Headquartered in Dublin, Ireland, AON offers risk management services, insurance, facultative reinsurance, brokerage and other services. It operates in more than 120 countries and has a market cap of $77.4 billion. With solid prospects, this Zacks Rank #3 (Hold) stock is deemed worthwhile for holding on to at the moment.

AON's Price Performance

The stock has gained 22% in the past six months compared with the industry’s 10.8% growth. The Zacks Finance sector has gained 11.5%, while the S&P 500 Composite has risen 8.1% in the same time frame.

AON's 6-Month Price Performance

Zacks Investment Research
Image Source: Zacks Investment Research

Key Drivers

Improving product offerings and expanding its product portfolio helps the company retain its client base and generate new businesses. For example, its recent launch of the newly integrated Radford McLagan Compensation Database will expand the analytics capabilities of its existing Human Capital clients. This aligns with Aon's broader strategy of leveraging data-driven insights and innovative tools, as evidenced by solutions like the CyQu tool for cyber risk and the Health Efficiency Analyzer. Such initiatives are expected to fuel ongoing organic revenue growth and strengthen client relationships.

Prudent acquisitions and partnerships form one of the company's main growth strategies. Over the past few years, the company has sealed many buyouts to scale its business and expand product offerings. The company closed the NFP acquisition, a privately held middle-market property and casualty broker, in April 2024. It is expected to boost AON’s top line, driven primarily by incremental M&A.

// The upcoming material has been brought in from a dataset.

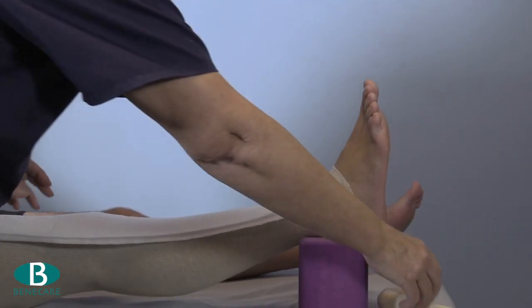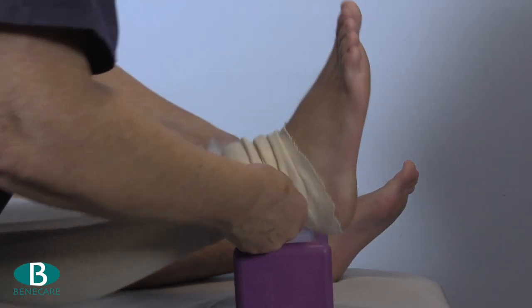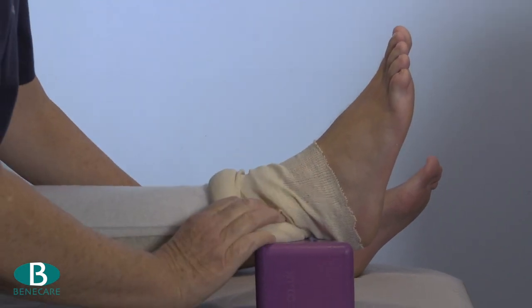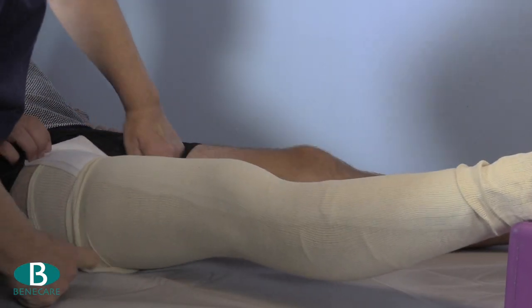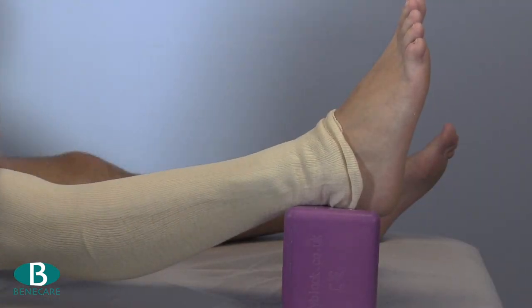Now apply the padding. I have used a double layer of undercast padding, but adhesive felt is often used. Then apply a second layer of stockinette as with the first layer. Ensure all layers are smooth and wrinkle free.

The company continues to streamline operations, eliminating less profitable assets and focusing more on improving efficiencies. Its Aon United restructuring program will support its margin expansionary targets in the long run. The company is on track to achieve $100 million in savings in 2024 and $350 million in run-rate savings by 2026. However, in the short run, charges from the program might limit profit growth.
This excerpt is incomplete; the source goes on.